Bir müvekkilin avukatına güvenmek zorunda olması gerektiği görüşününüze katılamıyorum.

Konuya vatandaş gözüyle bakalım: Hukuki bir sıkıntısı var ve bizzat tanıdığı bir avukat yok. Mecburen çevreden soruşturup bir tanıdığının tanıdığının tanıdığı bir avukatı buluyor, görüşüyor ve -fazla güvenmese dahi- belki mecburen vekaletini veriyor. Bu durumdaki vatandaşın yüzlerce avukatı tek tek gezmesi, aralarında en güvendiğini seçmesi ne fiilen mümkün, ne de maddeten (istişareye çoğu kez ücret alıyoruz, hatta almayan meslektaşları sürekli THS'de kınıyoruz değil mi?) Bu durumda hiç tanımadığı, muhtemelen sadece 1 kez, yarım saat konuştuğu bir avukata vekalet verirken, niçin sadece belirli yetkileri vermesi "ayıplanacak" bir durum olsun?

Kendimizi onun yerine koyalım: Burun estetiği ameliyatı olacaksanız, "en iyi doktoru" bulmaya çalışırsınız. Ama bir doktora ameliyat olacak kadar güvendiniz diye doktorun "sana burnunun şeklinin nasıl olacağını gösteremem, bana bırak, ben uygun bir şekilde yapacağım" teklifini reddetmeniz kınanacak bir durum mudur? Doktora güveniyor olsanız bile burun sizin burnunuz, hayat boyu siz taşıyacaksınız, doktor parasını alıp kenara çekilecek, niye şekline o karar versin? Burun estetiği ameliyatında burun sizinse, hukuki ihtilafta da dava vatandaşın!

Kaldı ki, bu yetkinin vekaletinde olmamasının avukat açısından nasıl bir sakıncası var? İcradan para çekemez, o olur.
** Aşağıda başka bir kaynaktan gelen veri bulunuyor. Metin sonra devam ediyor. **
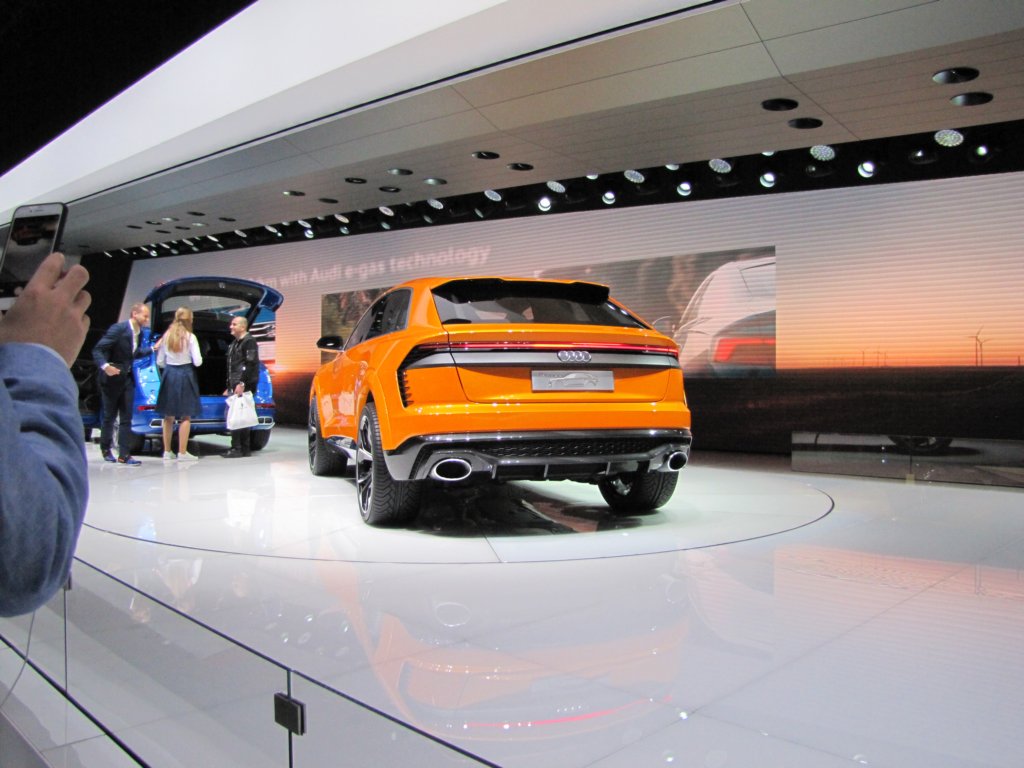 audiq8.jpg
Davanın yürütülmesini engelleyen bir yönünü göremiyorum.

Ama neticede bu yetkinin verilmesi konusunda takdir müvekkilin olduğu gibi, bu yetki verilmeden davanın alınmaması konusunda da takdir avukatındır. Dolayısıyla bu yetkiyi vermeyen müvekkile ben kendi adıma saygı duyarım ama bir avukat da o zaman ben de davayı almam diyorsa o da saygı duyulacak bir karardır.